Remote Viewing Could Revolutionize Air Traffic Control
For the past three months, Leesburg Executive Airport in northern Virginia has been running an experiment that could revolutionize flying for pilots at small airports all over the country. For the first time, air traffic controllers are monitoring takeoffs and landings, but not from an imposing tower looking over the airfield. They’re calling out to pilots from a windowless, ground-level conference room in a nearby office building, watching through a system of 14 cameras that provide a 360-degree view of the airport. There’s even a microphone to pipe in the airport noise. The remote air traffic control tower is the first of its kind in the United States.

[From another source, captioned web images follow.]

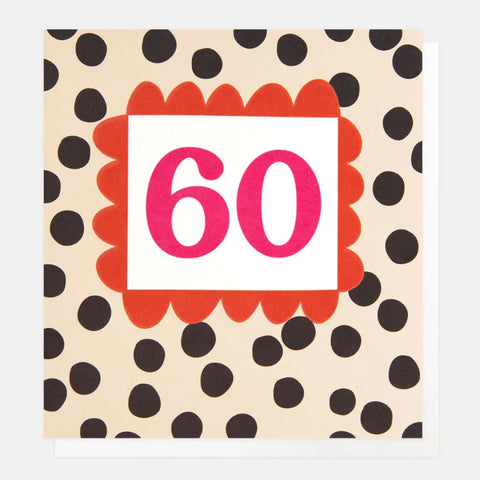 Caroline Gardner Cards LOT019 60 Birthday Charcoal Polka Dot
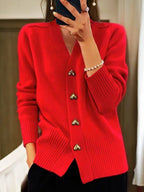 Adelaide Heart-Button Cardigan, Red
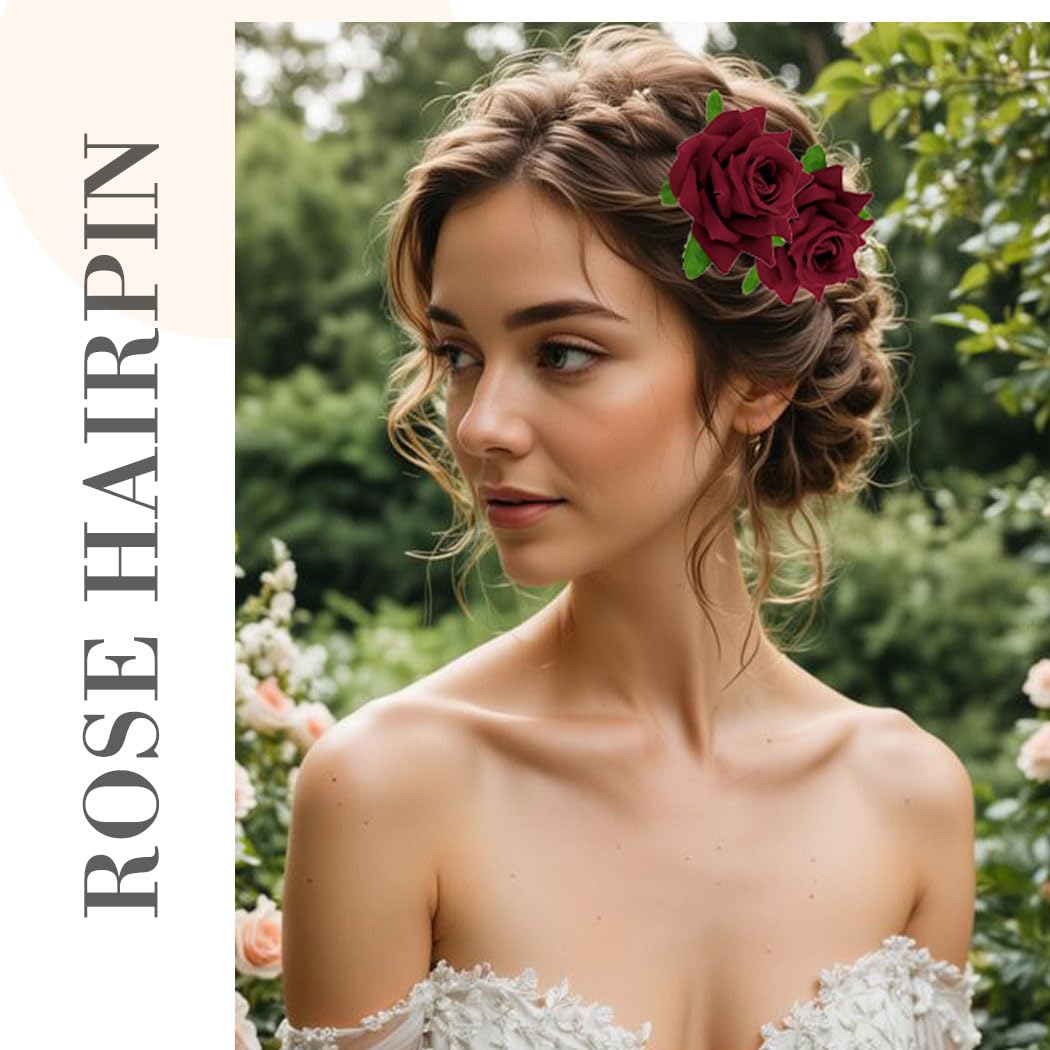 Large Flower Hair Barrette Red Rose Hairclip Hawaiian Hairpin Boho Hair Accessories for Women 2PCS - Image 6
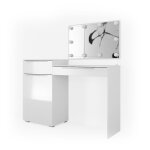 Vicco coiffeuse lilli blanc haute brillance 135 cm avec �clairage led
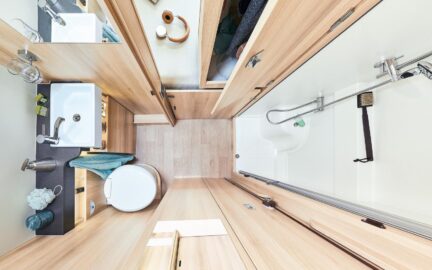 Voici la salle d'eau du Camper Van XL version 2020...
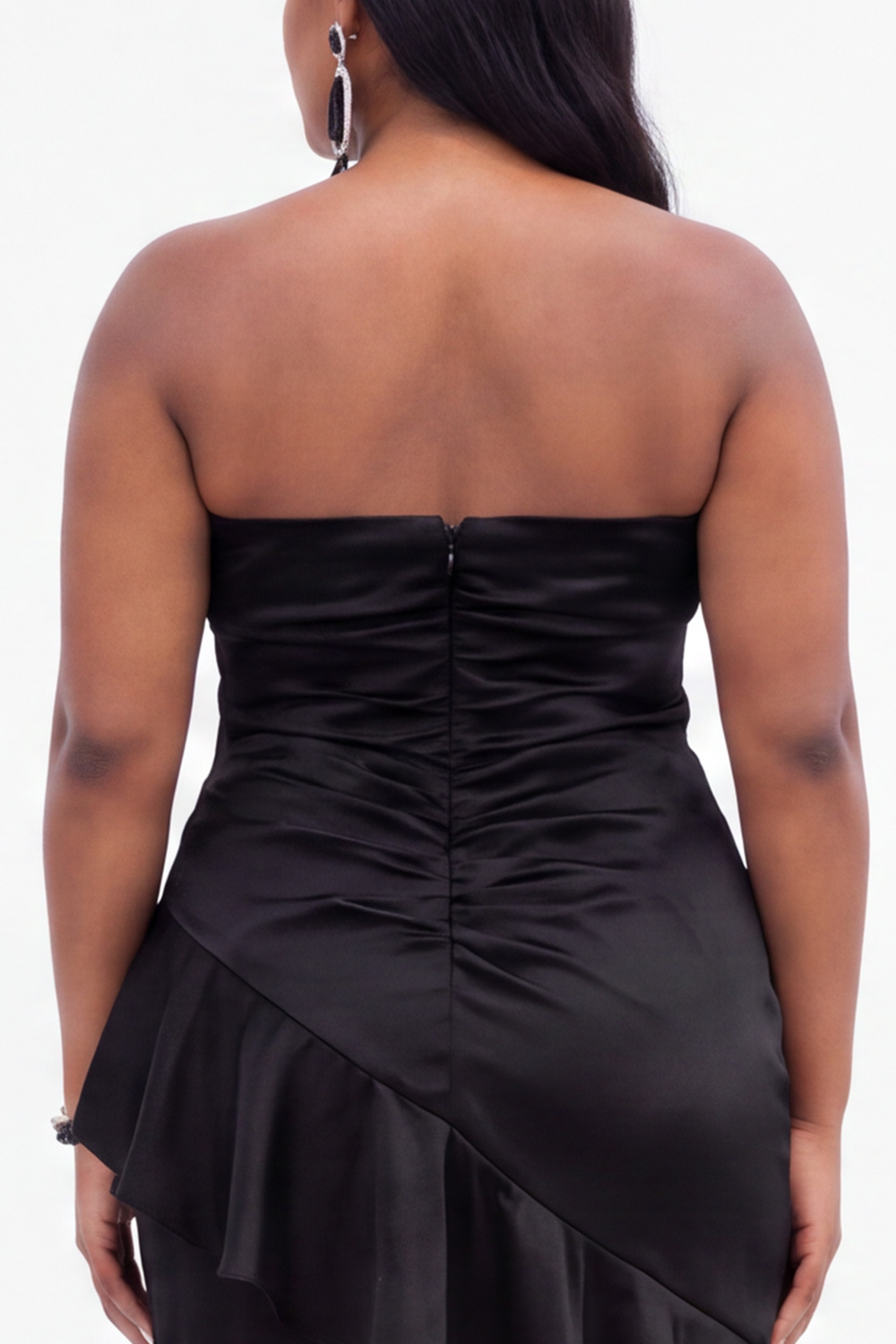Black Strapless Mermaid Ruffled Plus Size Formal Dress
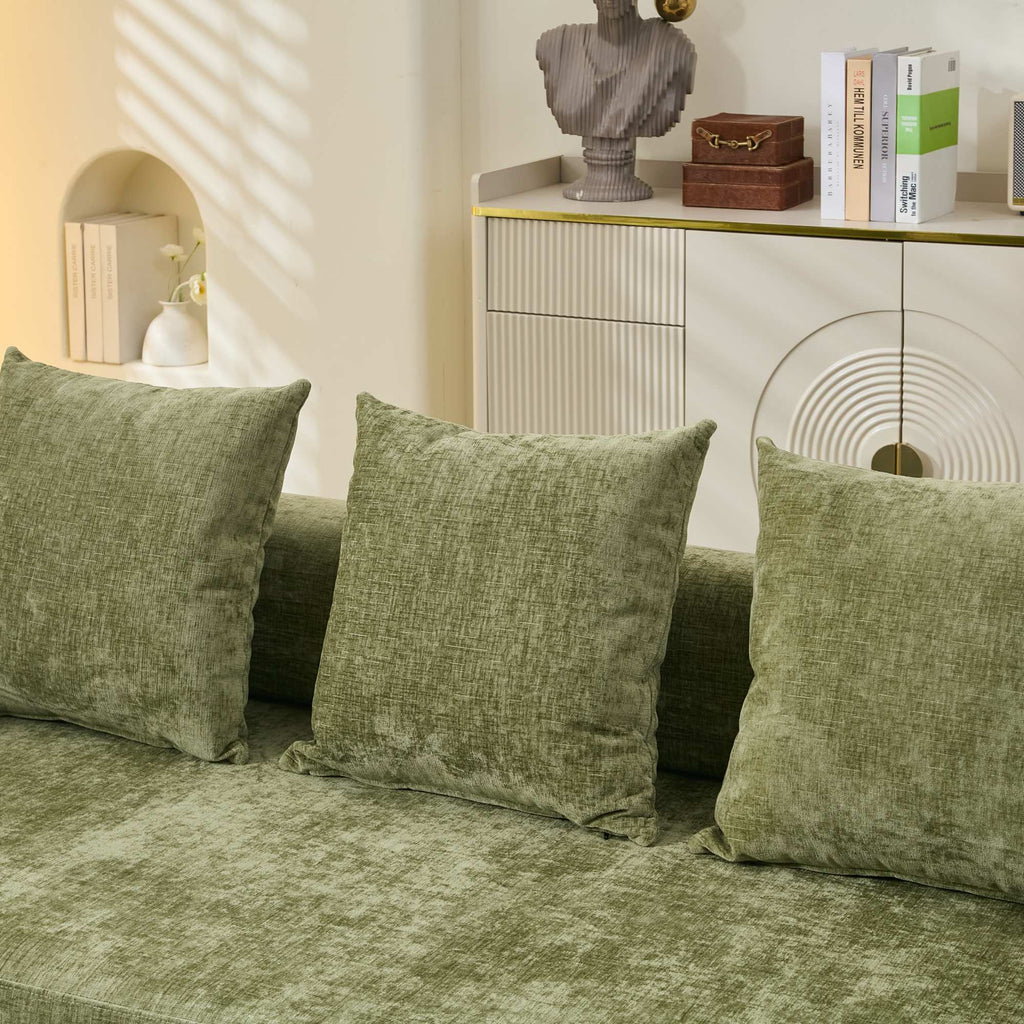 Comfy Convertible Folding Mattress Couch, Floor Sofa Bed, Chenille Floor Sofa with Armrest, Floor Sofa Lounge Couch for Living Room Bedroom Lounge Studio-Green - Grand Goldman Shop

For all the modern gizmos that controllers and pilots use to navigate in and out of airports these days, standard procedures have changed surprisingly little since 1930, when the first control tower was raised at Cleveland Municipal Airport. Everything still depends on the human eyeball, and in most cases tower controllers are required to physically see each aircraft as it arrives or departs.
But for small or little-used airports, towers are too expensive to build, maintain, and staff. In 2005, innovators in the aircraft division of Sweden-based Saab realized that high-resolution cameras, high-speed Internet, and high-definition displays could give controllers everything they need to maintain order at an airfield. In 2015, after 10 years of rigorous testing, Saab’s first remote system was declared operational at Sweden’s Örnsköldsvik Airport; two more airports were added this year. All are controlled remotely from a single room at the airport in Sundsvall.
Unlike Sweden’s aviation agency, which is closing and consolidating existing towers, the U.S. Federal Aviation Administration is far more interested in providing air traffic control services where they don’t yet exist. Leesburg’s airport has never had controllers, but managers there wanted help keeping airplanes apart. (At U.S. airports without towers, pilots must coordinate with one another by radio to stay separated, a task that can distract from flying.) Says Matt Massiano, director of business development at Saab Sensis, about the Virginia airport: “Its location, the type of traffic they had, the problem they were trying to solve” made it an ideal testing ground. In 2016, the FAA built a temporary, staffed tower at Leesburg to control the airspace, and Saab installed its less costly, remote version at the same time to prove that it could give controllers the same information. The remote “tower” passed with flying colors and began a second trial this June as the sole monitor of Leesburg’s airspace.
“They’re going to take this one step at a time and look at it really carefully,” says Martin Lauth, a professor of air traffic management at Embry-Riddle Aeronautical University in Florida, “because the last thing they want to do is go rushing in and find something that sets them back five years.”
If the off-site controllers perform to the FAA’s standards, the system will be installed permanently. Another small airport with no tower, Northern Colorado Regional, outside Fort Collins, is in the process of selecting a remote system. Staff at several more airports across the country are watching closely. Perhaps they’re envisioning a future 20 or 30 years down the road when dozens of airfields are networked into a conference room in the Virginia suburbs, where controllers are alerting first-responders that a Cessna’s engines quit after take off in Caldwell, Idaho. “I think it’s going to be the wave of the future for airports that don’t currently have control towers,” says Lauth.
And Saab isn’t finished developing the system. The company has been testing infrared cameras to give controllers night vision, and fusing radar data to the visual display so they can see essential information on a single screen. It will be a few years, at least, before those enhancements become operational, but at long last, air traffic control is getting some 21st century tools.